Tarian tobe merupakan tarian khas dari Suku Asmat. Tari tobe merupakan tarian perang yang melambangkan kepahlawanan dan kegagahan masyarakat Suku Asmat. Tarian ini biasanya dilakukan saat kepala suku memerintahkan untuk berperang. Tujuannya untuk mengobarkan semangat masyarakat dalam menghadapi perang. Hal inilah yang membuat Suku Asmat terlihat tak pernah takut dalam menghadapi musuh mereka di medan perang.

Seperti tari-tarian lain, tarian ini juga diiringi alat musik tifa dan alat musik lainnya dengan lantunan lagu-lagu perang pembangkit semangat. Masyarakat biasanya menggunakan busana tradisional dengan menggunakan manik-manik penghias dada, rok yang terbuat dari akar dan dedaunan yang diselipkan pada tubuh.

Senjata Tradisional Suku Asmat

Suku Asmat juga memiliki senjata tradisional. Senjata tradisional Suku Asmat adalah kapak batu yang terbuat dari batu hijau yang memberikan kesan artistik pada kapak ini. Kapak ini memiliki panjang sekitar 45 cm dengan panjang bilah batu sekitar 20 cm dan memiliki berat 1 kg.

Meski berukuran lebih kecil dari kapak pada umumnya, namun kapak ini sangat kuat dan menjadi salah satu benda yang paling berharga bagi Suku Asmat. Biasanya masyarakat Asmat menggunakan kapak batu untuk menebang pohon dan membantu mereka dalam proses membuat sagu.

Bagi Suku Asmat kapak batu bukan sekedar sebuah senjata, namun juga merupakan barang mewah. Ini karena cara membuatnya yang rumit dan bahan pembuatnya merupakan batu nefrit yang sulit ditemukan.

Pakaian Adat Suku Asmat

Selain terkenal dengan ukirannya, suku asmat juga memiliki pakaian adat yang khas. Seluruh bahan yang digunakan pakaian tersebut langsung berasal dari alam. Ini merupakan representati kedekatan Suku Asmat dengan alam sekitarnya. Tidak hanya bahan, desain pakaian tradisional Suku Asmat pun juga terinspirasi dari alam.

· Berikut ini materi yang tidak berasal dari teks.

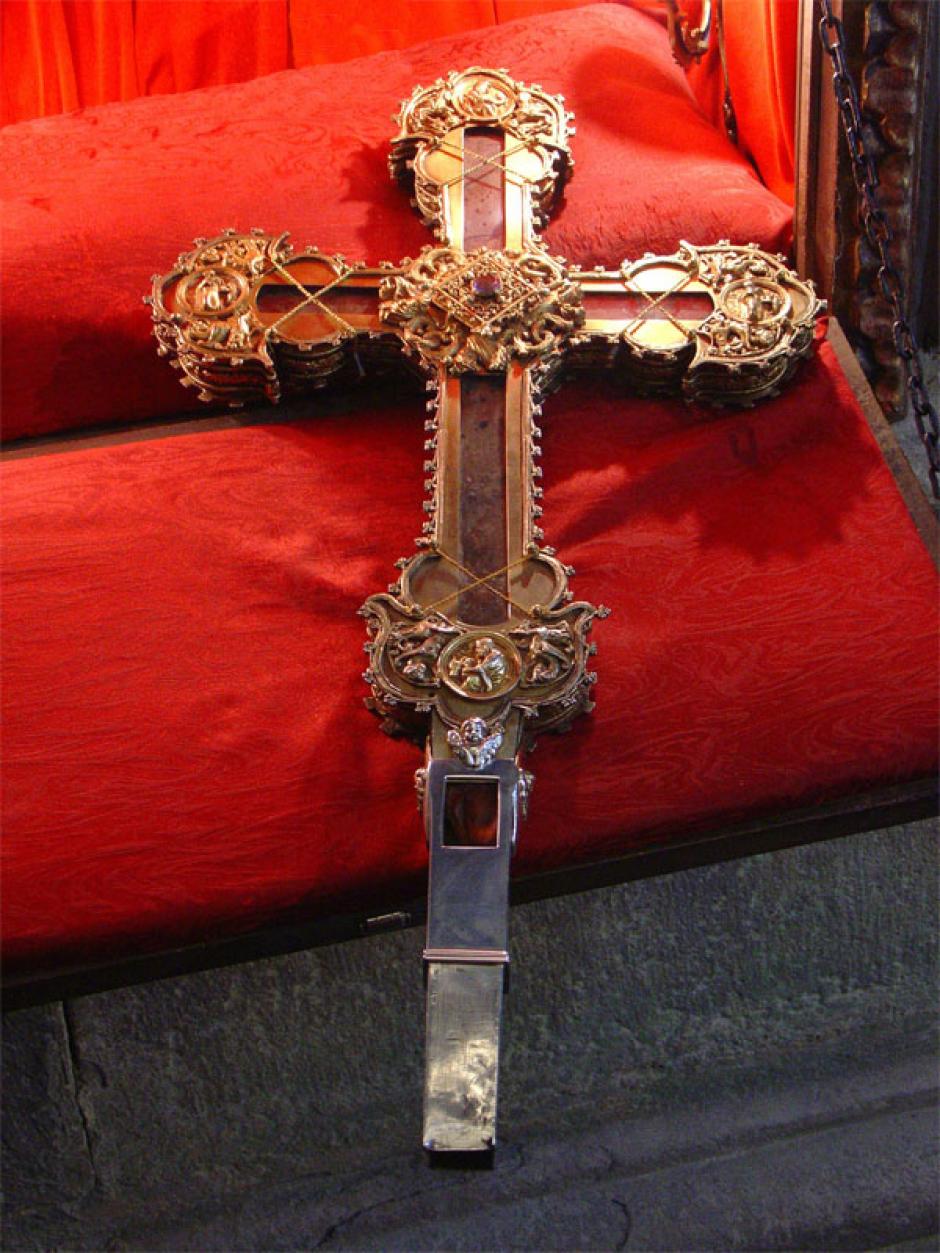 Lignum Crucis, trozo de la Cruz de Jesucristo
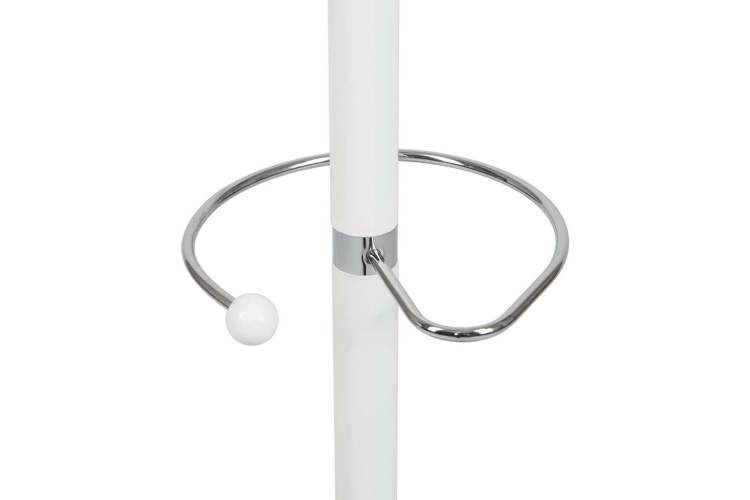 Вешалка напольная DOBRIN BONNY, белый мрамор, белый-3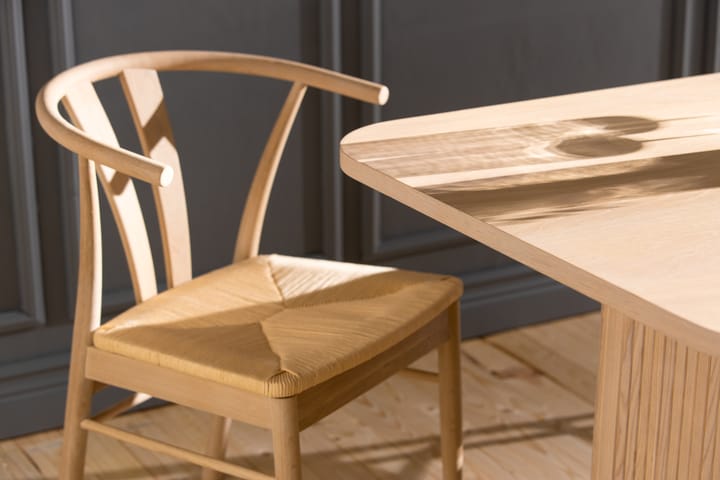 RAMSTA Matbord 200 cm Natur - Möbler - Matplats - Matbord & köksbord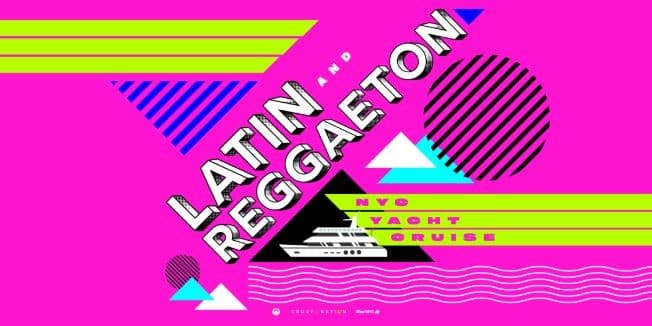 Event - THE #1 Latin & Reggaeton Boat Party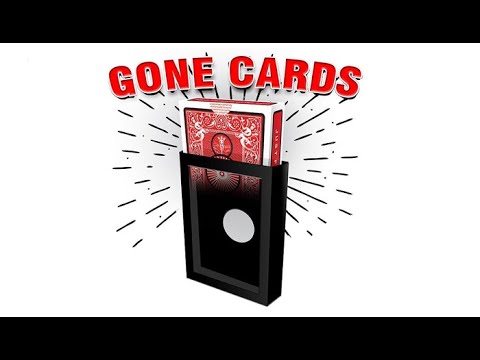 Voir la vidéo Gone Cards Bicycle - Tora Magic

Pakaian tradisional laki-laki dibuat menyerupai burung atau binatang lainnya karena dianggap sebagai lambang kejantanan. Sementara rok dan penutup dada bagi perempuan yang dibuat dengan daun sagu sehingga sekilas mirip dengan keindahan bulu burung kasuari. Bagian penutup kepala juga terbuat dari daun sagu dengan bagian samping menggunakan bulu burung kasuari. Semua hal tersebut seolah menunjukkan betapa dekatnya Suku Asmat dengan alamnya.

Seni Ukir Suku Asmat

Ukiran merupakan kesenian yang paling terkenal dari Suku Asmat, tidak hanya di Indonesia namun juga di kalangan turis-turis asing. Karakteristik ukiran Suku Asmat adalah polanya yang unik dan bersifat naturalis. Dari segi model, ukiran Suku Asmat sangat beragam, mulai dari patung manusia, perahu, panel, perisai, tifa, telur kasuari sampai ukiran tiang.

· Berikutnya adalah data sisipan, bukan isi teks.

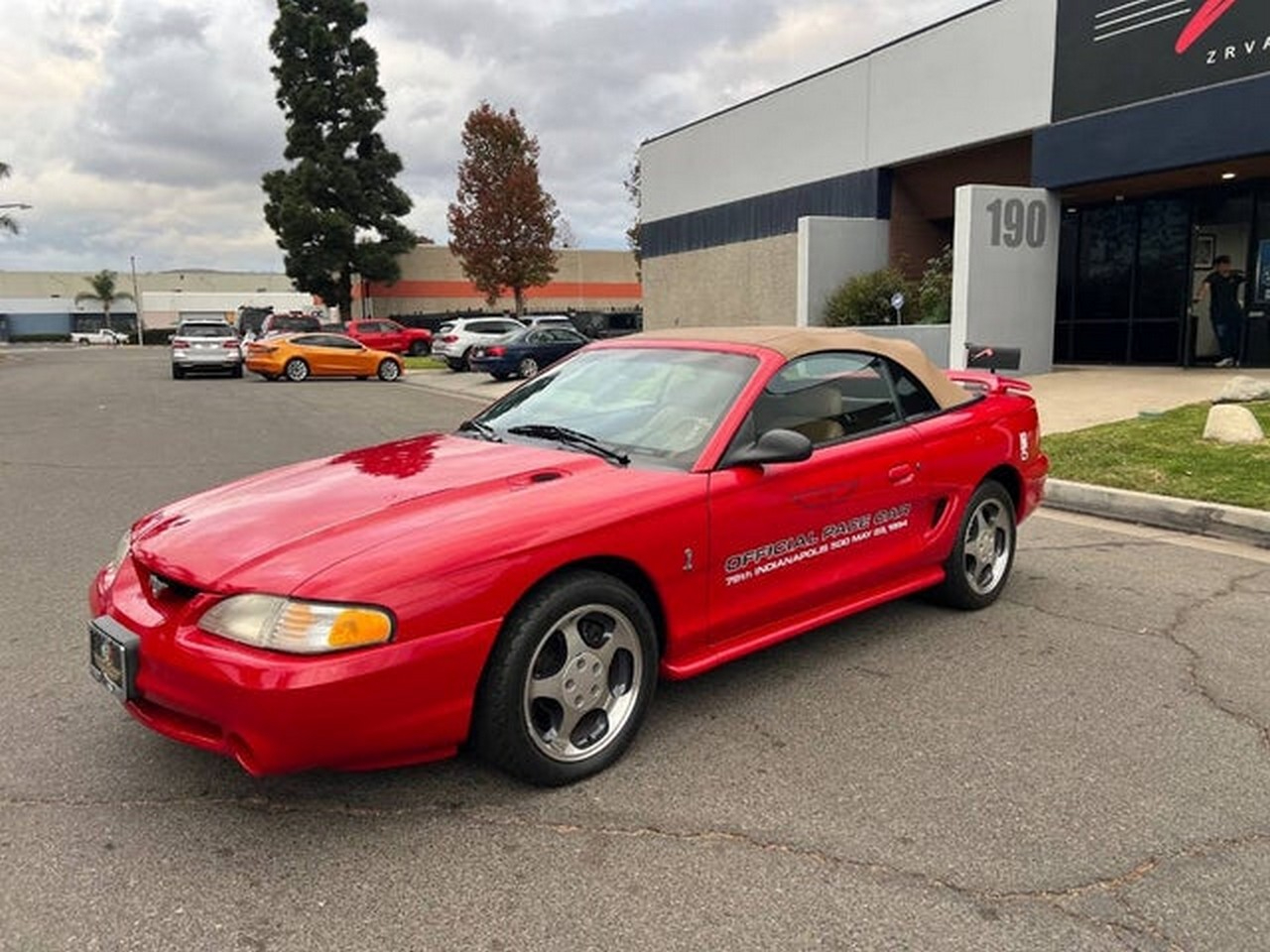 Ford Mustang Cobra Convertible 1994 Ford Mustang Cobra Convertible 1994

Suku Asmat biasanya mengadopsi pengalaman dan lingkungan hidup sehari-hari sebagai pola ukiran mereka, seperti pohon, perahu binatang dan orang berperahu, orang berburu dan lain-lain. Mengukir merupakan sebuah tradisi dan ritual yang terkait erat dengan spiritualitas hidup Suku Asmat yang kebanyakan masih menganut kepercayaan dinamisme. Mereka tidak hanya sekedar mengukir namun juga merupakan cerminan dari sebuah kehidupan spiritual masyarakat suku Asmat sendiri.

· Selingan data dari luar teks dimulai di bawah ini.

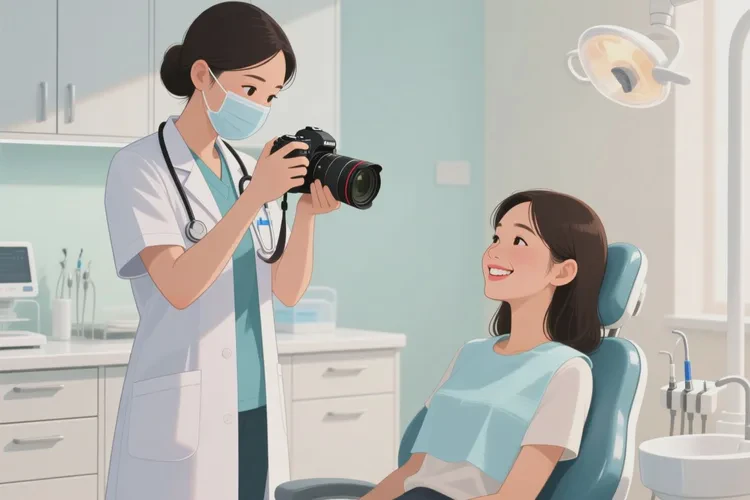 牙齒正畸為什么每個階段都要拍照(圖1)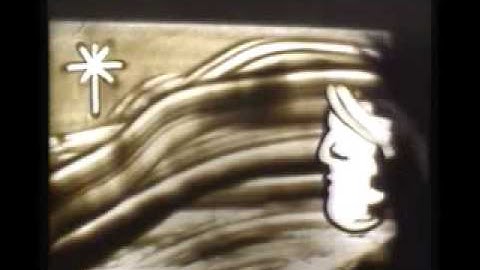 Advent Hymn with Sand Art by Laura Tappen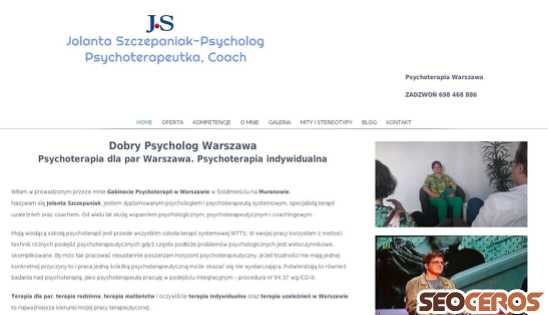szczepaniak-psychology.eu desktop náhled obrázku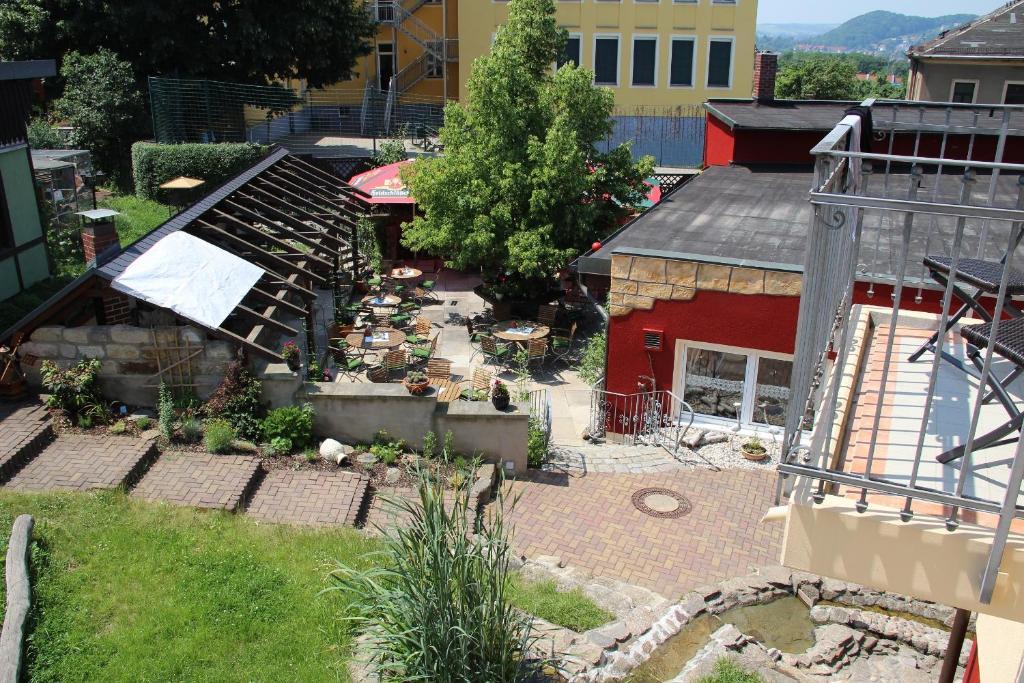 Hotel & Restaurant Zur Linde Freital Rom bilde
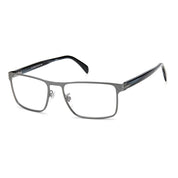 David Beckham Gray Metal Glasses (Frames)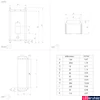 Kép 2/4 - Eglo 43593 Wootton fali lámpa, fa, E27 foglalattal, max. 1x40W, IP20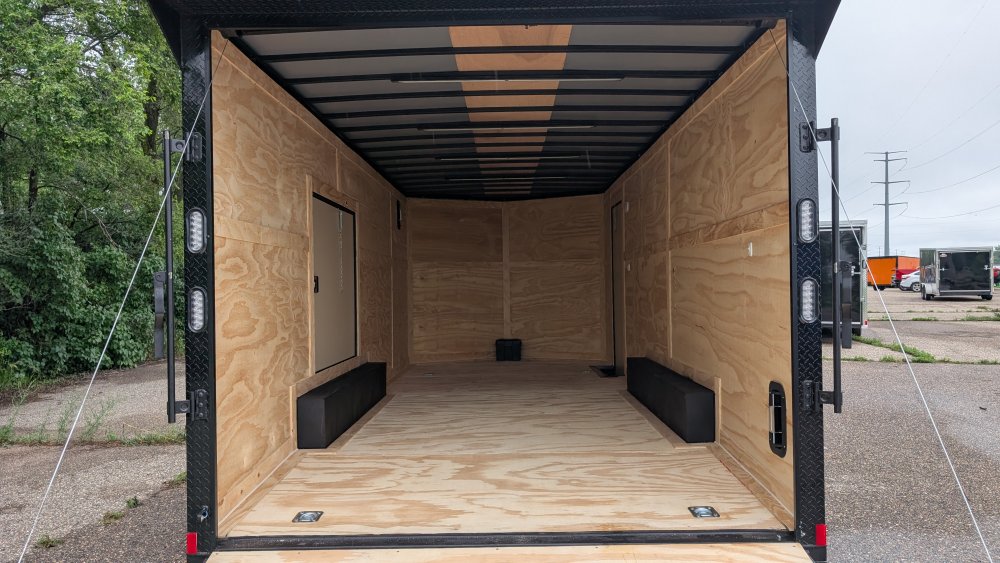 8.5'x20' Rock Solid Cargo Enclosed Cargo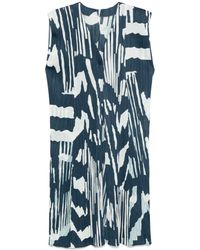 Pleats Please Issey Miyake - Refraction Tank Top - Lyst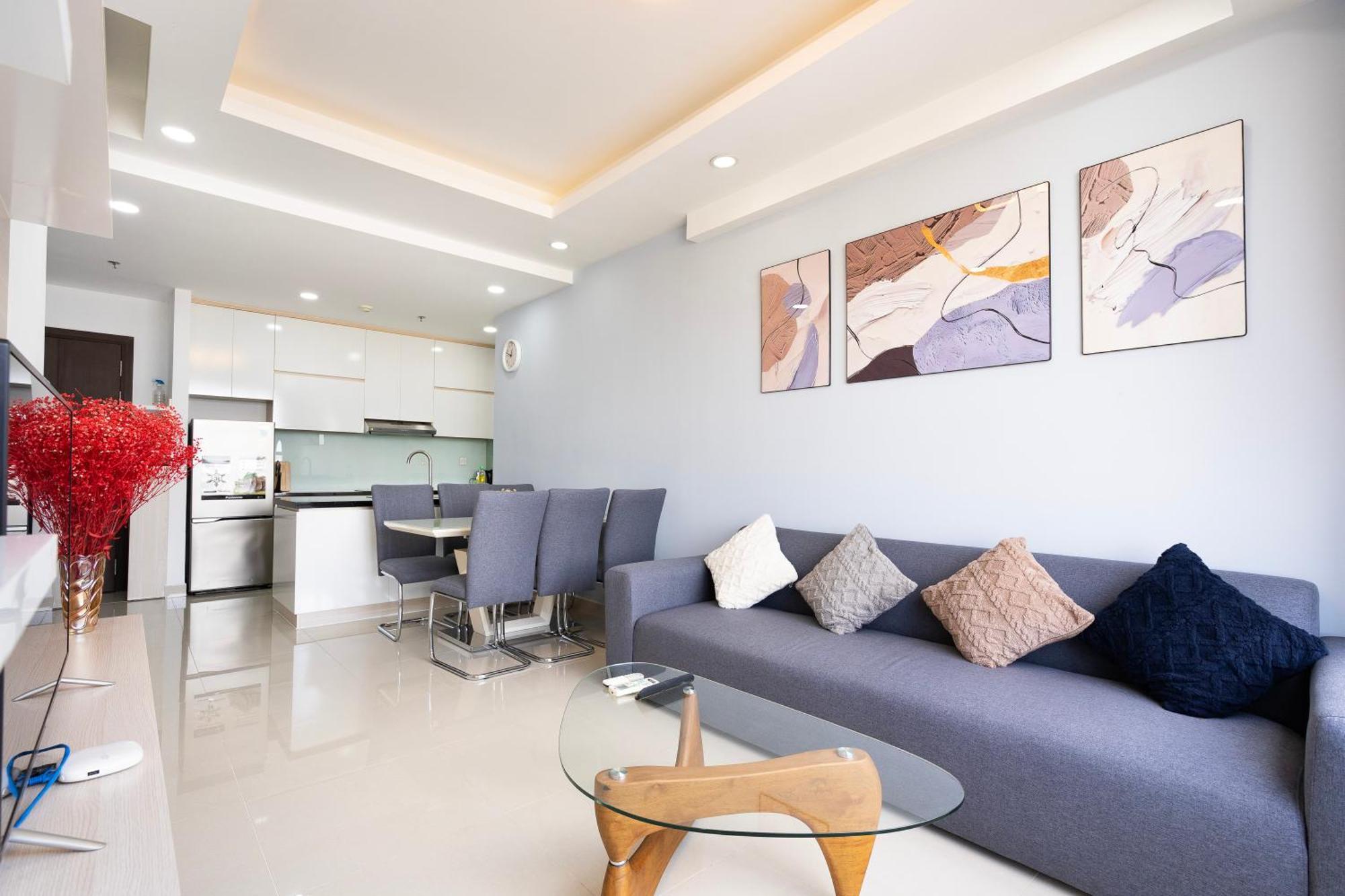 Henry Home - Rivergate Хошимин Экстерьер фото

Masyarakat Asmat terdiri dari 12 sub etnis, dan masing-masing memiliki ciri khas pada karya seni ukirnya. Begitu juga dengan kayu yang digunakan. Ada sub etnis yang menonjolkan ukiran patungnnya, ada juga yang menonjolkan ukiran salawaku atau perisai. Ada pula yang memiliki ukiran untuk perhiasan dinding dan peralatan perang.